Till “Debt” do us part.


The Stock markets in USA, reached their bottom only two years ago.  It was June 2009 when S&P 500 reached a low of 666, Dow reached a low of 6470. Two years hence S&P reached a high of 1370, Dow reached a high of 13870. They doubled!
So the factors which caused the stock markets to collapse in the 1st place have all been sorted out, correct? Otherwise how come such a parabolic gravity defying moves?  But then we are shocked to see that unemployment is still above 9%. We are shocked. Even after spending over US $ 2 trillion, what we have to show for? Only the wealth effect in the stock market and commodity speculation. Sad but true. So what is driving the stock markets? For answer let us look at the following picture.

It is the huge amount of leverage built up on margin , helped by QE1 and QE2 , that has encouraged the investors, speculators and yield hungry pension funds to pile on to the long side based on the mantra  “ don’t fight the Fed”.  Margin levels are almost at the same level where they were in 2008.
But debt on debt does not help growth of GDP. If you have read the excellent book, “This time is different” by Reinhart & Rogoff, you know that after the debt has reached a certain percentage of GDP, it actually reduces growth and leads to default. Reinhart & Rogoff have given numerous examples from the last 700 years of various countries, where Countries have defaulted because they took on excessive debt. And we see that happening in Greece, Ireland, and Portugal and in so many other places. Japan has become a country in perpetual deflation for the last 3 decades and most likely the same situation awaits us here. The similarities between USA and Japan are too much to ignore, but that is a discussion topic for another day.
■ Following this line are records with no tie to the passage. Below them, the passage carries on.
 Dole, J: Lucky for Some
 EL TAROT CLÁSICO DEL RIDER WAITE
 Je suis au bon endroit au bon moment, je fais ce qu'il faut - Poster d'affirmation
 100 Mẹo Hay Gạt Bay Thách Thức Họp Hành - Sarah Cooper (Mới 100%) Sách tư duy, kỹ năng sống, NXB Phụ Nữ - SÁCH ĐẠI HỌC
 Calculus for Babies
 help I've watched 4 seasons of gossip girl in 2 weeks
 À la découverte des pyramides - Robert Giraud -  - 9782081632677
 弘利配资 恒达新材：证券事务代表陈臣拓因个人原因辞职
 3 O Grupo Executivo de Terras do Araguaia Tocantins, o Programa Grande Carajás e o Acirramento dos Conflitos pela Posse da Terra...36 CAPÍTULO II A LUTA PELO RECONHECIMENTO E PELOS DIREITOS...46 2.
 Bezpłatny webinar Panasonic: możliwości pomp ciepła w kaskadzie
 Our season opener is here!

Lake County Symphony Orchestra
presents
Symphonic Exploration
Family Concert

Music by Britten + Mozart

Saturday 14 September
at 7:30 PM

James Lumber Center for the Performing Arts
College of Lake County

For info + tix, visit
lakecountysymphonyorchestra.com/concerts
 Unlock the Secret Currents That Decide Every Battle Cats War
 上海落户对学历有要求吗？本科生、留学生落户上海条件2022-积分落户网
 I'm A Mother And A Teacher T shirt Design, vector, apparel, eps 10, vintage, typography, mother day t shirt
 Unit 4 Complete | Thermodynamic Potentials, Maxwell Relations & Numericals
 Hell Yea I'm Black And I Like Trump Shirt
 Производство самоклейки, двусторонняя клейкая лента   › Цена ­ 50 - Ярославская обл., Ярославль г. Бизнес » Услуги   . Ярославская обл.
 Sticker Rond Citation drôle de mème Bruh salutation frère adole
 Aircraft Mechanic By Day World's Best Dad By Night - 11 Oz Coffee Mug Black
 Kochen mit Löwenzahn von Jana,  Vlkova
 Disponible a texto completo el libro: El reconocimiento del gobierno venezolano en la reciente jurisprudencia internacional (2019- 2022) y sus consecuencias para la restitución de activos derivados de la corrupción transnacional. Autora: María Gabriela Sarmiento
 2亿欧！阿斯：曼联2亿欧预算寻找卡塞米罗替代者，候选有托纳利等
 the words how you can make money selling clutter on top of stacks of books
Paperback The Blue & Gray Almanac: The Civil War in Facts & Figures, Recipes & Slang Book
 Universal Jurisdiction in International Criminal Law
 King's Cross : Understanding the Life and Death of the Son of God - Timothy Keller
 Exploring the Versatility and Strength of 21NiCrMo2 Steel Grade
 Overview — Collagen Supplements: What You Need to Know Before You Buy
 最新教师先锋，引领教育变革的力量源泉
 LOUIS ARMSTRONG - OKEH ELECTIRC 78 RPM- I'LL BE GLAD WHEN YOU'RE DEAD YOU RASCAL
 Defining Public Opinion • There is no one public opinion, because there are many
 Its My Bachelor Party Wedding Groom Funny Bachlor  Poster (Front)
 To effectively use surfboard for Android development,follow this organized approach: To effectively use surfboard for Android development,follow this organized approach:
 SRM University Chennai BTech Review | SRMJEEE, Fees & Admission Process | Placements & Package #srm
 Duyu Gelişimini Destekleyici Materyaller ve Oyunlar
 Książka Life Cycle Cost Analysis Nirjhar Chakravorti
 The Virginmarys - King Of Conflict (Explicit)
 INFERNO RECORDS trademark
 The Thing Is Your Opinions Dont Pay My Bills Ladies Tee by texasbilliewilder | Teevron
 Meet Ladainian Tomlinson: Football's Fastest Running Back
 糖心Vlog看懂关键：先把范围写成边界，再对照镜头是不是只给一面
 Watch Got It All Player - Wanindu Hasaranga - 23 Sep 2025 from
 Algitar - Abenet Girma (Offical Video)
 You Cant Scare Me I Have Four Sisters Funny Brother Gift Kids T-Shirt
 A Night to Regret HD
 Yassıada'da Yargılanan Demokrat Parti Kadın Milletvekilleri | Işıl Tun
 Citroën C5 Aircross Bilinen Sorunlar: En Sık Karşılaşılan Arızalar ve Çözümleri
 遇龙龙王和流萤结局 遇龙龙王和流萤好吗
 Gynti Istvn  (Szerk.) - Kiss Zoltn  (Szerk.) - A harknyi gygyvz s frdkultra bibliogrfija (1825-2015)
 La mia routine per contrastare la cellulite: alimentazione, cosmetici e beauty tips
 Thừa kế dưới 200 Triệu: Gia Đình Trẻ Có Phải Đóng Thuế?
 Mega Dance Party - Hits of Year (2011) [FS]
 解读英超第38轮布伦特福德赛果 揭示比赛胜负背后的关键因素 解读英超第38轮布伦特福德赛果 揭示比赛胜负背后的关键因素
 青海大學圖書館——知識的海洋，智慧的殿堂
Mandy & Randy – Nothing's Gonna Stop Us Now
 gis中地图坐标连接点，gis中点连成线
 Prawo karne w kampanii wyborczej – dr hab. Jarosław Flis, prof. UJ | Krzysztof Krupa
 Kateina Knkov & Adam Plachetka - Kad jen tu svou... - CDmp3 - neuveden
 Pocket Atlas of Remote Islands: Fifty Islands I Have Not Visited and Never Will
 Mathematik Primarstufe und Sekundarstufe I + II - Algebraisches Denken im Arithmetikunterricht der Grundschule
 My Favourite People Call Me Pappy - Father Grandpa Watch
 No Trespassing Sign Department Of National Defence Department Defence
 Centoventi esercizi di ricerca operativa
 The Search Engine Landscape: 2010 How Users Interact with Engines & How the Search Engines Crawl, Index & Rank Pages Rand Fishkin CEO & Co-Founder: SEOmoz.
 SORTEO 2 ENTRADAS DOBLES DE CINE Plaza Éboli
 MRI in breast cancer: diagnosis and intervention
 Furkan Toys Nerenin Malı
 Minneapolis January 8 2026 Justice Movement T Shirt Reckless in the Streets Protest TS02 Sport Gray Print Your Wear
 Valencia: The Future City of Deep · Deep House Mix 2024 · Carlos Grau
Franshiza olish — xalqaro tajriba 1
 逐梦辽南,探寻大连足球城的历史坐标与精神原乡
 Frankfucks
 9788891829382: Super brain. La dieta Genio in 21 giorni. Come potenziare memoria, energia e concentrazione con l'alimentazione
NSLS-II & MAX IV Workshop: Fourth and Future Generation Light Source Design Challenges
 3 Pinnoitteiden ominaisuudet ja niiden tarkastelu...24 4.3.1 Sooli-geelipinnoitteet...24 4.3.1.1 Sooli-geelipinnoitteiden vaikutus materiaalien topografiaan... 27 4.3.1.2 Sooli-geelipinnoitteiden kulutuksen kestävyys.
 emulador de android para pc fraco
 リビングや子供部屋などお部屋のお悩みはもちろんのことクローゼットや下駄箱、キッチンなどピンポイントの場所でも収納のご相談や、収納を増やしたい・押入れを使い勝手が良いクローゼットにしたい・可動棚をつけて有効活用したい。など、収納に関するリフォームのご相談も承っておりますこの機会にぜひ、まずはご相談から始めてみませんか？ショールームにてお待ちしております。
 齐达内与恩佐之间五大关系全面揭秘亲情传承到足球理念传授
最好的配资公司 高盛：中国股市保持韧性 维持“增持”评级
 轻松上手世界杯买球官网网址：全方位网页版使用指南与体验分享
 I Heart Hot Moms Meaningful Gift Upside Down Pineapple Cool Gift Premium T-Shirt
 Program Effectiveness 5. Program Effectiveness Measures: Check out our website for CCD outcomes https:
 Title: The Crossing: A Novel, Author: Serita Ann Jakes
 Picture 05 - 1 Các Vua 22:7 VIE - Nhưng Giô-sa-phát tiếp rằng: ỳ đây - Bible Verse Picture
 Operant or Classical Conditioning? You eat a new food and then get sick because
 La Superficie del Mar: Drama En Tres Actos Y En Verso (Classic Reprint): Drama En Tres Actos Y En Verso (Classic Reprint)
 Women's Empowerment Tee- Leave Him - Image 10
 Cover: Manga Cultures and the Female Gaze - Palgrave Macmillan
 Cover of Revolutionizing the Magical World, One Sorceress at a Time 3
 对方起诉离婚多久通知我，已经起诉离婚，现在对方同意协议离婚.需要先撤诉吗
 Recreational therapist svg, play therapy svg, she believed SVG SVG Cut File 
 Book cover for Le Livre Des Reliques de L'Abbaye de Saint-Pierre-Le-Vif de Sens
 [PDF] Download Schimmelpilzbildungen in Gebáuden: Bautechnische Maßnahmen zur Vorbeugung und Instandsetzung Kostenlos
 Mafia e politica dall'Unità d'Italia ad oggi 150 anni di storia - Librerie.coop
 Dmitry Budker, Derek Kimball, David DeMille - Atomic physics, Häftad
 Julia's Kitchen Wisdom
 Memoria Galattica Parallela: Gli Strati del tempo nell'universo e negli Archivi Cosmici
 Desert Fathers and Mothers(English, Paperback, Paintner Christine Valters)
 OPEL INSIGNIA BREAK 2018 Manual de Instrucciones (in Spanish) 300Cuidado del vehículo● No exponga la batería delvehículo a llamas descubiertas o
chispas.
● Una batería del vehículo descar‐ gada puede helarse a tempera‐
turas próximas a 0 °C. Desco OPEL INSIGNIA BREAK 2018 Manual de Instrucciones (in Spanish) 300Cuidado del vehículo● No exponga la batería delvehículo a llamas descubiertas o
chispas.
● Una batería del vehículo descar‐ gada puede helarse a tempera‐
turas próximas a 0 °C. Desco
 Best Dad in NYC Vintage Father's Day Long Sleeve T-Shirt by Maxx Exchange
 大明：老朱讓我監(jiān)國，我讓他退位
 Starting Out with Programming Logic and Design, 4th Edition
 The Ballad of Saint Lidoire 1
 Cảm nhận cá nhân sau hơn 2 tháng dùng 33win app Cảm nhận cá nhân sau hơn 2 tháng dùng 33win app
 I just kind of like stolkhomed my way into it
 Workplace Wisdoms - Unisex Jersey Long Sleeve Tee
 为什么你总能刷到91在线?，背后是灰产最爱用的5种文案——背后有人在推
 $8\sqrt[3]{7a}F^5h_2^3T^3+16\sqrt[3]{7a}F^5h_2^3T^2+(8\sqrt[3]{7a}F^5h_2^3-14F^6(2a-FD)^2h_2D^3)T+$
When the going was good, Greenspan was giving away free money and creating another bubble, all these banks and speculators have borrowed and invested, rather speculated on various assets, whose value today is less than half of what it was initially. Thus there is debt destruction or balance sheet contraction. Even the two trillion US Dollar that helicopter Ben has pumped in the system in the last 2 years, have not been able to increase the money  supply in the system because the banks are busy repairing their balance sheet to the extent they can. They are now holding approx. US Dollar 1.5 trillion in their cash reserve and hoping that when the sushi hits the fan now, they would be able to survive.
The problem facing us is not inflation, in spite of the money pumping because everywhere the value is getting destroyed, be it home equity for the individuals or loan portfolio of the banks. The powers that be have tried to fight this with more debt and it is failing. And they know that they are facing the demons of deflation.
Now we go back to the chart at the top. When deflation finally hits the shore, when the contagion from Europe catches up with USA and the dominos fall, the margins will be called 1st and this time there will not be anyone to re-inflate it again. According to Russell Napier, the S&P 500 will reach 400 at the end of the true bear market. If such a situation should arise, all the castles of sands will be washed out to sea because:  the final bear market stage "is caused by distress selling of sound securities, regardless of their value, by those who must find cash market for at least a portion of their assets."